You’ve got two kids under 3 and now every time someone asks you to hang out you can’t because you’re tired.

You can’t go to all the events that arise at the end of the year because life happens and for some reason the end of this year has more surprises than last.

One of your parents is sick so you can’t move overseas because you want to be close to them.

Your car breaks down and you miss that meeting you were banking on.

The approval permit for your next project arrives two weeks late and pushes everything back a month.

The extra part you ordered arrives broken and doesn’t work so you have to order another one.

Cooking a meal of whole foods takes 45 minutes versus eating the pre-packaged stuff takes 10.

You forgot to do something someone told you about and it throws their timeline off.

There’s always going to be something.

But don’t let the somethings creep into your identity.

An excuse is not dangerous until it turns absolute.

Build up enough somethings and all of a sudden the thing you really wanted fades into the background.

There are plenty of times where there’s a hard block on where you’d like to go and what you’d like to do.

Though hard blocks tend not to last forever.

You can clear them with effort.

Or you can clear them with psychology.

Got a tweaked back?

Good, more time to figure out recovery options and create a training plan to prevent it in the future.

Short on time to cook a healthy meal when you’re trying to eat better?

Good, an opportunity to skip a meal, tell yourself it’s okay to be hungry for a while and take some time to plan the next few days of meals.

The extra part you ordered arrives broken?

Good, an opportunity to figure out a workaround or work on something else in the meantime.

Once something becomes an always event, it’s no longer an excuse.

As in, once you have children, they will always be there, there’s no opposite.
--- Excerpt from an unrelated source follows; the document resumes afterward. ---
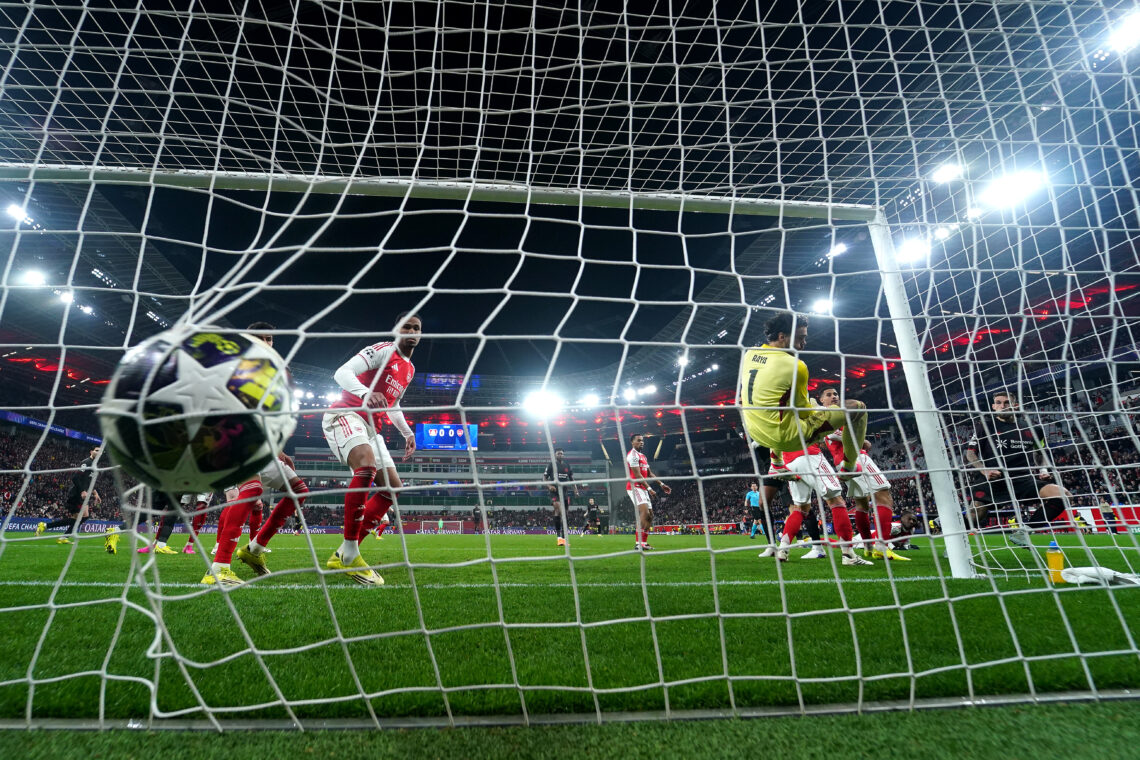 Robert Andrich of Bayer 04 Leverkusen scores his team's first goal past David Raya of Arsenal during the UEFA Champions League 2025/26 Round of 16 ...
So it’s no longer an excuse, they’re very much part of you now.

If you’ve forgotten something someone told you and then they ask you about it, you can’t change the forgetfulness.

But you can say…

That’s my bad, I did forget and I’m sorry, let me fix it.

Most things we get caught in knots about aren’t as important or timely as we make them out to be.

Sure there are due dates and schedules to adhere to, painful at times but they exist for a reason.

You can come at it from two angles.

On one hand, there’s always going to be something so dedicate your best efforts as soon and as often as you can.

On the other hand, there’s no rush because there’s no time limit.

On the third hand, you can combine these two.

There’s always going to be something so you persist in your endeavours yet you’re not in a hurry for them to be done.

After all, nature does not hurry, yet everything is accomplished.

You’re going to make it but it will often not feel that way.

That’s the fun part!

You pour your heart into the art piece you’re working on but you know there’s know finish line, it’ll be finished when it’s finished.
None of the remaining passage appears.